## Problem
Find all lines in the listing that include the word "Park", then copy them.

##### Data for this task

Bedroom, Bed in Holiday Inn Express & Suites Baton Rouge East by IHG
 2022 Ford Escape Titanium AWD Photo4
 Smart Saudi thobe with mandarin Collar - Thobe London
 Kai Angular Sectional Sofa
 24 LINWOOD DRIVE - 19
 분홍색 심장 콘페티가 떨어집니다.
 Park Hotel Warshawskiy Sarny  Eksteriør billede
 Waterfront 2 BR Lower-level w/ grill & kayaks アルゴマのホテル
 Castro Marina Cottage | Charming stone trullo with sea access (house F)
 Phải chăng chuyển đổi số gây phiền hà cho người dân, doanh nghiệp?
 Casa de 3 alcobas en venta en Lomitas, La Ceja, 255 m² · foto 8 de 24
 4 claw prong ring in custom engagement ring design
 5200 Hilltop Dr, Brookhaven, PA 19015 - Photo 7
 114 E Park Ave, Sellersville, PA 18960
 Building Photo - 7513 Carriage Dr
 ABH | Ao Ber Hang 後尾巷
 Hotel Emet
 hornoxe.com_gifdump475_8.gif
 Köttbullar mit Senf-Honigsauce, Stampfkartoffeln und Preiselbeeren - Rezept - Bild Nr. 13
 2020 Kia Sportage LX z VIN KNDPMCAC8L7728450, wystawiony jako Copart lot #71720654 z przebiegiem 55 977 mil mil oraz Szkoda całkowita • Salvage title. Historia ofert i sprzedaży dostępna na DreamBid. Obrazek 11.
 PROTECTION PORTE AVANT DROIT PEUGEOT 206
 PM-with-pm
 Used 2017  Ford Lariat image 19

##########

## Completed task
 Park Hotel Warshawskiy Sarny  Eksteriør billede
 114 E Park Ave, Sellersville, PA 18960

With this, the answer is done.